Le jour d’après la victoire du Brexit a dû rappeler à quelques uns d’entre nous le jour d’après la victoire du FIS en décembre 1991. Le pays s’était réveillé avec une gueule de bois indescriptible et beaucoup de ceux qui avaient voté pour l’Etat islamique pour jouer un tour au pouvoir ont blanchi de stupeur en découvrant que c’était devenu du sérieux, tandis que ceux qui se sont abstenus, la fameuse « majorité silencieuse », ont été parmi les premiers à en appeler à l’armée pour « arranger les choses ». La blague de mauvais goût et l’incivisme ont coûté au pays deux cent mille morts et mené, comme dans l’histoire de Charybde et Sylla, tout droit au quatrième mandat, une impasse que nous regretterons longtemps.
Les Britanniques n’en sont pas encore à réclamer l’intervention des forces armées royales, mais une pétition demandant un nouveau référendum a réuni déjà quatre millions de signatures (au moment où j’écris) ; l’opposition travailliste est résolue à destituer son chef pour avoir mollement défendu le maintien dans l’UE ; Boris Johnson, leader conservateur du Brexit, a publié lundi une tribune dans laquelle il exprime presque son regret, tandis que le leader du parti extrémiste UKIP a répudié la principale promesse faite aux partisans de la sortie de l’UE avant le vote pour les galvaniser. Le désarroi a donc gagné le camp des vainqueurs où on ne cache plus la sensation d’avait commis une énorme boulette qui commence à attirer de gros orages sur la Grande-Bretagne alors qu’elle est à deux ans du retrait effectif.

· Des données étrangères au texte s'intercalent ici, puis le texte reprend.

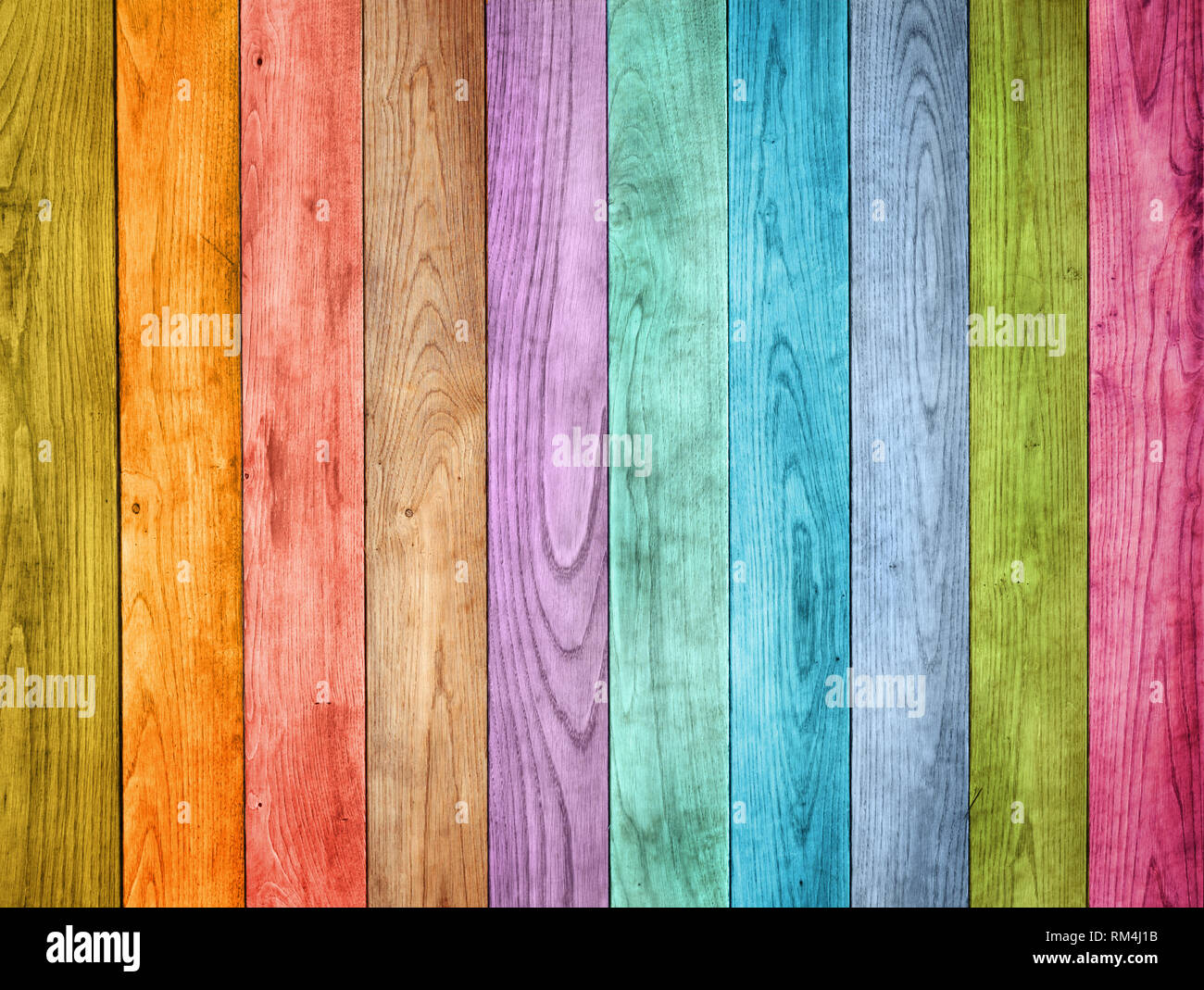 colored wood background Stock Photo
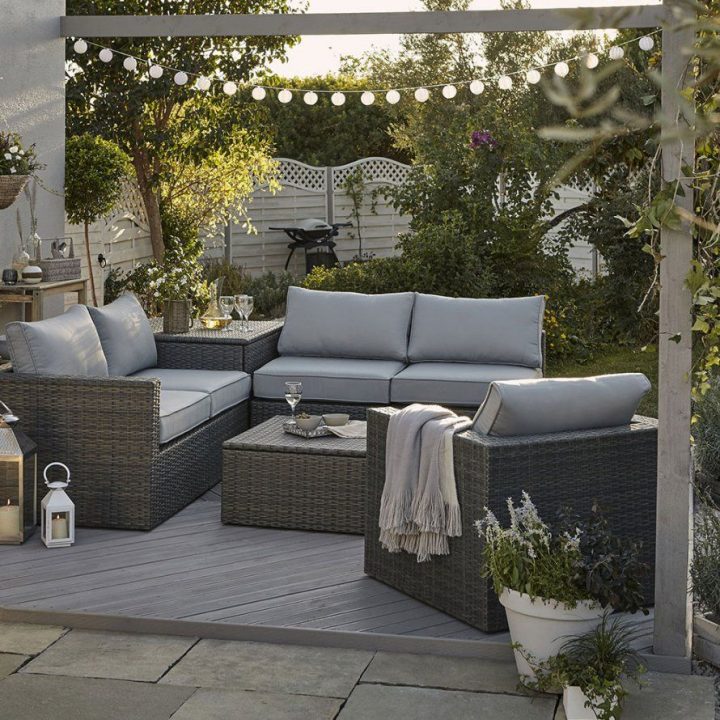 Un Salon De Jardin En Rotin, Ikea | Agrément De Jardin concernant But Salon De Jardin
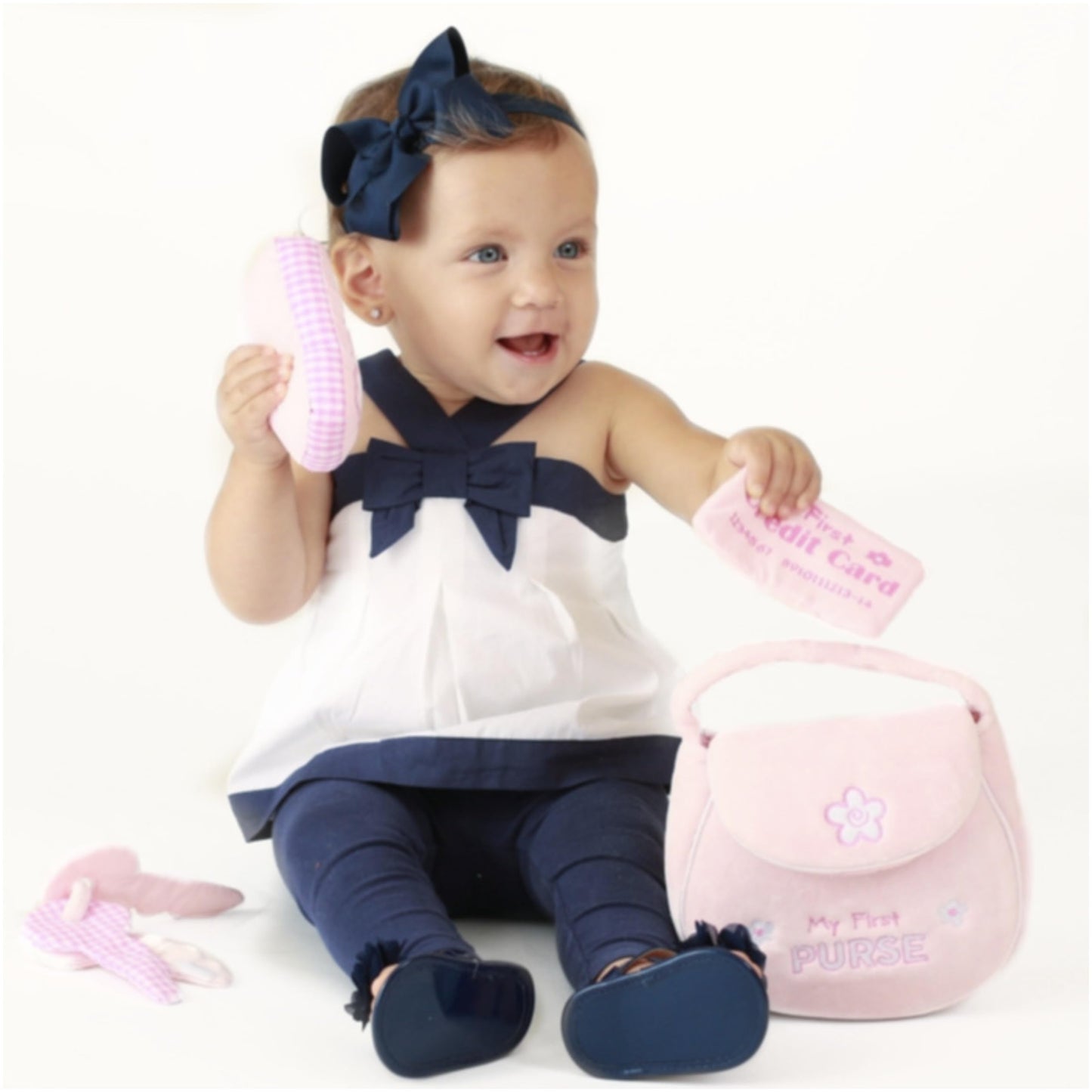 GUND Baby My First Purse 5-Piece Sensory Plush Toy Playset for Babies
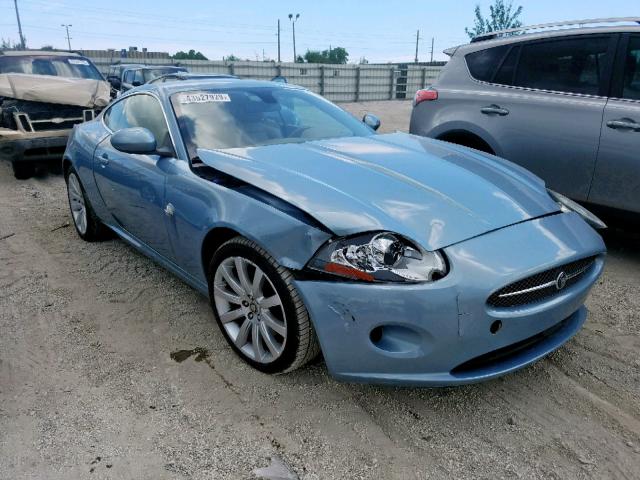 SAJWA43B875B11893 - 2007 JAGUAR XK BLUE photo 1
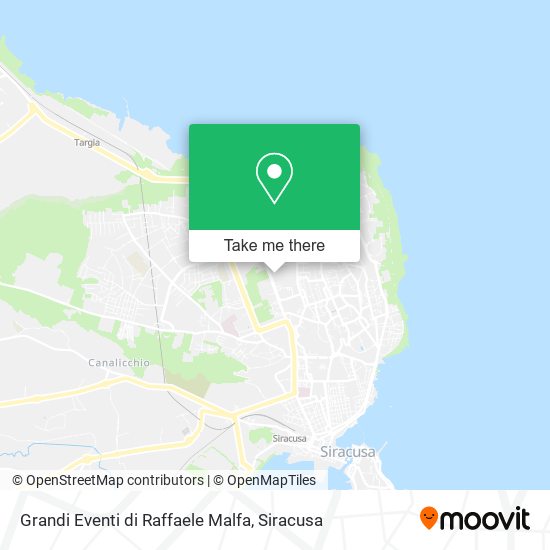 Grandi Eventi di Raffaele Malfa map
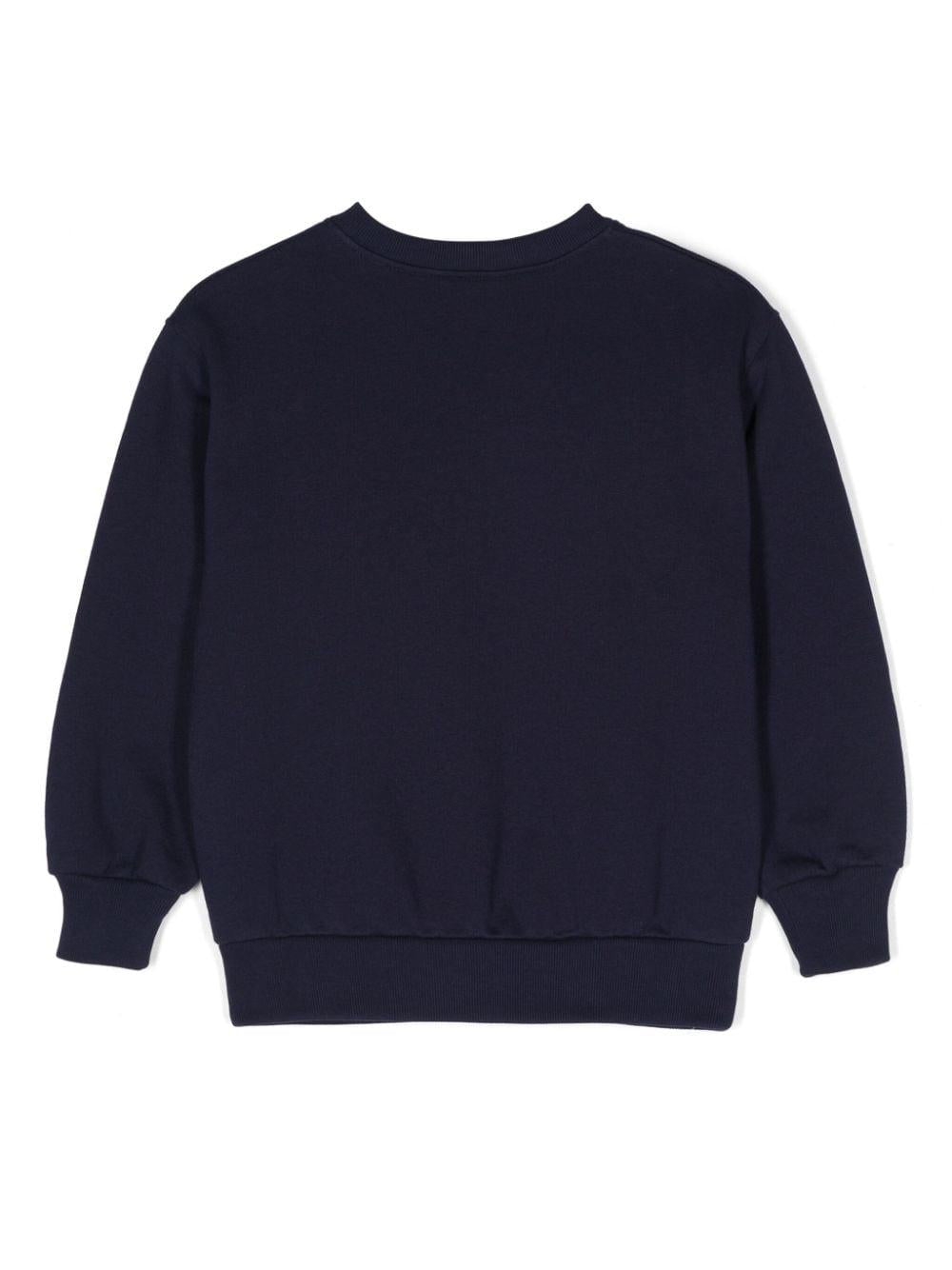 Logo-print cotton sweatshirt 793528 XJGPJ4392 GUCCI KIDS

Au pays de Toynbee, le père de la théorie du « défi-riposte » comme moteur de l’Histoire, on se demande si la sortie de l’UE était la meilleure riposte au défi de l’immigration est-européenne et islamique, et si l’isolationnisme splendide et le protectionnisme du temps de Rudyard Kipling ne vont pas ramener la Grande-Bretagne aux dimensions de l’île de Robinson Crusoé, un roman issu du génie de la littérature britannique du XVIIIe siècle. Quand un pays se plaint des nuisances d’un ou plusieurs autres et y entreprend d’y répondre par la rupture avec tout le monde, on n’est pas loin des causes qui ont conduit à la première et à la deuxième guerre mondiale.
Que faire ? C’est à un dilemme shakespearien que les Britanniques sont confrontés sans pouvoir compter sur l’apparition providentielle d’un Winston Churchill. Persister dans la fuite en avant expose à une déconstruction du Royaume-Uni et obligerait à une réinitialisation de la politique extérieure. D’un autre côté, les Britishs sont gens à se faire étriper plutôt que de se résigner à une volte-face ou d’accepter une humiliation sous les yeux de la planète. Personne ne connaît mieux l’âme de cette nation que Bernard Shaw qui a dit : «L’homme raisonnable s’adapte au monde ; l’homme déraisonnable s’obstine à essayer d’adapter le monde à lui-même. Tout progrès dépend donc de l’homme déraisonnable ».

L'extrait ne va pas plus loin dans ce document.